Idem pour les évaluations et la formation continue des professeurs. « Quand j’étais directeur de la commission scolaire de Racine, il y a une dizaine d’années, j’ai proposé d’envoyer des mentors dans les classes des enseignants qui avaient de la difficulté, dit M. Shaw, rencontré à Madison, où il participait à un comité sur l’éducation. Le syndicat était d’accord, mais seulement si les enseignants recevant un mentor dans leur classe avaient une prime salariale. »

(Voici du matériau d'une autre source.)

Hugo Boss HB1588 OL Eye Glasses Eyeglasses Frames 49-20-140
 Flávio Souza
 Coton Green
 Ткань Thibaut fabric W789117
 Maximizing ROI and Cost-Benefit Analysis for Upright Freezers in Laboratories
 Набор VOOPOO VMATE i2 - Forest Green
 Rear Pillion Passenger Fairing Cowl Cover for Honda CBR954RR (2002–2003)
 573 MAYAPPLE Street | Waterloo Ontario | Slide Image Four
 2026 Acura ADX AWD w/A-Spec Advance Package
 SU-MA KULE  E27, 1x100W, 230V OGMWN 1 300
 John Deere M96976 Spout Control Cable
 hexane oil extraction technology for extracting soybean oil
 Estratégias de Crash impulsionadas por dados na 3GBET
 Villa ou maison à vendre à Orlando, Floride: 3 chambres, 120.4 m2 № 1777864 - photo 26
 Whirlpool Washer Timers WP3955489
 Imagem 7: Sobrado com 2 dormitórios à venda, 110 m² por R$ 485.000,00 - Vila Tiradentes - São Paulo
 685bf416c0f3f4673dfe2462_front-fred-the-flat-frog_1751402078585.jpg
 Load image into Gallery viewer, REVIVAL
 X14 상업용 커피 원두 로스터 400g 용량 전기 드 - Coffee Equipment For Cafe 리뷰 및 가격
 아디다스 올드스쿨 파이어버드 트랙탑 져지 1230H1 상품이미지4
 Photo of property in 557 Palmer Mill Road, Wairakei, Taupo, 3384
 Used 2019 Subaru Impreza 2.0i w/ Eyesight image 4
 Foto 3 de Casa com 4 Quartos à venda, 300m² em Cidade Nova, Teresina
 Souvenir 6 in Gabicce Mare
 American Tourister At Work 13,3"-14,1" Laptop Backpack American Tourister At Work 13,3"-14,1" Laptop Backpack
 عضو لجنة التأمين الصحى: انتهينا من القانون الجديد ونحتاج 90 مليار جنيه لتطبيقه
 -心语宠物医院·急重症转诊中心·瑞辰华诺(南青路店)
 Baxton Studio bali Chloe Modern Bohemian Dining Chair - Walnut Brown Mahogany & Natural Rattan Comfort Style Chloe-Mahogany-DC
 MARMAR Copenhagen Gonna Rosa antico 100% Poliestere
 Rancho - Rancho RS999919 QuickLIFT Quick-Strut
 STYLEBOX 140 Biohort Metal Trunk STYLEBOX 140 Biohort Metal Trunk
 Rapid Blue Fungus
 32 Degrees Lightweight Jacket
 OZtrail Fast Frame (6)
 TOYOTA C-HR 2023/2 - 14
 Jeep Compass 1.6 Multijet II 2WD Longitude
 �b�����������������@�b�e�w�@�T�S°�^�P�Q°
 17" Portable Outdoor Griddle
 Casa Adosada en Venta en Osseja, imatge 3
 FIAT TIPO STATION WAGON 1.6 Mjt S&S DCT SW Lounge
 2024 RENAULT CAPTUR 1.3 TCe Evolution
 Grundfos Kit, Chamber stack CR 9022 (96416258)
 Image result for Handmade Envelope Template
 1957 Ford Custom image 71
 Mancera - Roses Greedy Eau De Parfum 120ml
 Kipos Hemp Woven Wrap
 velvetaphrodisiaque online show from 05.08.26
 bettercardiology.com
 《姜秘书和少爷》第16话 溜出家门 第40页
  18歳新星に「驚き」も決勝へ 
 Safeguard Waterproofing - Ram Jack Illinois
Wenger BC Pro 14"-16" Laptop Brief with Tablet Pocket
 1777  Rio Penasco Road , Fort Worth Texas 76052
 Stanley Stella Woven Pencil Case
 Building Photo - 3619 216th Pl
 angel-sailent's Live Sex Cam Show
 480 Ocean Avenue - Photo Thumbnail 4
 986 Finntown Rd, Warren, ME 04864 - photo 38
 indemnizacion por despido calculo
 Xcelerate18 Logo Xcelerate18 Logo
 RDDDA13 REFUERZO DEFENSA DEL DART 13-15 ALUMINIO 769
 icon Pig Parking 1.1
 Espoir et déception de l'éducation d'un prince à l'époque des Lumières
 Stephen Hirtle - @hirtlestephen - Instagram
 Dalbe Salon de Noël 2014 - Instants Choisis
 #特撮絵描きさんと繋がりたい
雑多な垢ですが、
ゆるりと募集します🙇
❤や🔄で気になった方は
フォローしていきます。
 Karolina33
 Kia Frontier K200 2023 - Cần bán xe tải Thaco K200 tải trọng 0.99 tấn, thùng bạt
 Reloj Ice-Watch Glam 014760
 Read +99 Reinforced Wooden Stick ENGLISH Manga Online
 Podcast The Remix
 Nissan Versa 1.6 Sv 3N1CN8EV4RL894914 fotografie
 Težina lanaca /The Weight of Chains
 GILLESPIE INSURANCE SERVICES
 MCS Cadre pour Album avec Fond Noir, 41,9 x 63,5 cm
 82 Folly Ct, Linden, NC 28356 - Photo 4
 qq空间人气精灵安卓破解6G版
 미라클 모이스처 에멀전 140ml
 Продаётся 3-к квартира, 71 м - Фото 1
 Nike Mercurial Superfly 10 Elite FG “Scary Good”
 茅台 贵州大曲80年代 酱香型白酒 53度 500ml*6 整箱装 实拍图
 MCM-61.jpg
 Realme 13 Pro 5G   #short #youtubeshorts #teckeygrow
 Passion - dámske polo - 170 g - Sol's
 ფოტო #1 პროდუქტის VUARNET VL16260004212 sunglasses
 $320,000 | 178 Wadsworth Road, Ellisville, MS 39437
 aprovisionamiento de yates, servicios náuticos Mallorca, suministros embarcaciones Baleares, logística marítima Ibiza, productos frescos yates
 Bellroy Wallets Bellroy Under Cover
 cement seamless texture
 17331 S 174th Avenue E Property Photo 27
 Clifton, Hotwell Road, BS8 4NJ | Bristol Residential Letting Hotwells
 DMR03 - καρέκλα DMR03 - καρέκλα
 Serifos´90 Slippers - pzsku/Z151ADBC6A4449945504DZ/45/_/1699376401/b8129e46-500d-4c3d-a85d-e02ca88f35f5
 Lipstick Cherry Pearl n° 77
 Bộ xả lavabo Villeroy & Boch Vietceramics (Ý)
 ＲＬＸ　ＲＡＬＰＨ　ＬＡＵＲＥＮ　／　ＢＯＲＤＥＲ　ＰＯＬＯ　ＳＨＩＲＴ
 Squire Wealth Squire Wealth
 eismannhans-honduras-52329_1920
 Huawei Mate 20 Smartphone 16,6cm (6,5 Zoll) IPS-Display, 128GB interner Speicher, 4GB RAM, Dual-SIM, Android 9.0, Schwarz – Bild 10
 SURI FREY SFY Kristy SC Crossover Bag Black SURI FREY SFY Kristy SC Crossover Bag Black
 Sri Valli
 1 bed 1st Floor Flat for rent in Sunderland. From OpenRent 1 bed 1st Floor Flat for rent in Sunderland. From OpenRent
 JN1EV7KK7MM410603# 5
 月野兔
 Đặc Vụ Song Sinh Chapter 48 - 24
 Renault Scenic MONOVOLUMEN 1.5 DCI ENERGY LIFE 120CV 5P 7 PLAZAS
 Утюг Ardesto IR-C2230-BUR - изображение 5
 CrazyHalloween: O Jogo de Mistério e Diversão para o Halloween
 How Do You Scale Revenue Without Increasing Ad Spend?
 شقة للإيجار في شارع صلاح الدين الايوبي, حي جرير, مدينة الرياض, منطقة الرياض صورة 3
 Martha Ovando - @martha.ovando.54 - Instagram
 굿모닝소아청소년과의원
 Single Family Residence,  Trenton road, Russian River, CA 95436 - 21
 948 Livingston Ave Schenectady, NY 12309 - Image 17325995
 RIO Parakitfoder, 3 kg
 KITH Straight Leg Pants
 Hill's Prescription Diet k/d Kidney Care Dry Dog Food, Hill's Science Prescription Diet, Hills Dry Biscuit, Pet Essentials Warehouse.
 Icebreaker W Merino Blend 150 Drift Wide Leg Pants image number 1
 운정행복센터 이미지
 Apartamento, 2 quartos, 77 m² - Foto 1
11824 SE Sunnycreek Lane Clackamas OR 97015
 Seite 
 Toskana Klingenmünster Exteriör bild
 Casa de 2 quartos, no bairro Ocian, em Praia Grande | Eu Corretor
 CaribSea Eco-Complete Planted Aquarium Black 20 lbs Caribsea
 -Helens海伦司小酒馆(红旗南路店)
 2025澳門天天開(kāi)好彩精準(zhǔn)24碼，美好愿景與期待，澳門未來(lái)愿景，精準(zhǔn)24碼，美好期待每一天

Les républicains du Wisconsin souhaitent par-dessus le marché éliminer l’exigence d’avoir un baccalauréat en enseignement. Une loi qui a failli être adoptée en juillet prévoyait même qu’un professeur d’espagnol pourrait être embauché par une commission scolaire même s’il n’avait pas de diplôme d’études secondaires.

Ces révolutions font grincer des dents. « Beaucoup de professeurs ont été démoralisés, reconnaît Phil Ertl de Wauwatosa. Il a fallu que je les rencontre pour leur expliquer les côtés positifs des changements. Je dois m’assurer que chaque employé se sente reconnu dans ses forces et ses désirs. C’est la seule manière de les convaincre de participer à notre programme d’amélioration continue. Pour une minorité de profs très performants, évidemment, c’est le paradis : ils progressent beaucoup plus facilement et les commissions scolaires se les arrachent. »

Justement, ce marché des profs étoiles pose un énorme problème. « Les commissions scolaires les moins riches ont de la difficulté à conserver leurs profs », explique Christina Brey, porte-parole de l’Association pour l’éducation du Wisconsin, l’un des deux syndicats d’enseignants, en entrevue dans un restaurant voisin du Capitole de Madison, où elle luttait becs et ongles avec les dirigeants républicains en mai durant le débat bisannuel sur le budget de l’État. « Pour les écoles rurales, où souvent les profs des enfants avaient enseigné à leurs parents et à leurs grands-parents, ça tue la communauté, dit-elle. Et d’une manière générale, les enseignants ont l’impression d’avoir perdu leur voix dans le système d’éducation. Sans syndicat, ils sont réduits au silence. »

Les écoles à charte

Au départ, dans les années 70, les écoles à charte américaines ont été pensées dans le secteur public comme nos écoles alternatives ou à vocation particulière. Mais depuis 25 ans, des écoles à charte privées sont nées qui sont entièrement financées par le secteur public, mais gérées comme une entreprise privée, généralement sans syndicat. Les écoles à charte privées ne peuvent toutefois choisir leurs élèves avec un examen d’entrée. S’il y a trop de demandes, il faut mettre sur pied une nouvelle école ou procéder par loterie.

Act 10

En 2011, le gouverneur du Wisconsin, Scott Walker, a forcé l’adoption d’une loi limitant le rôle des syndicats du secteur public dans les négociations sur le salaire, avec comme restriction supplémentaire que toute hausse supérieure à l’inflation devait être approuvée par référendum. L’Act 10, qui mettait notamment fin à l’utilisation de l’ancienneté pour les promotions et les mises à pied, a suscité une mobilisation syndicale sans précédent et une élection de rappel en 2012, que M. Walker a remportée.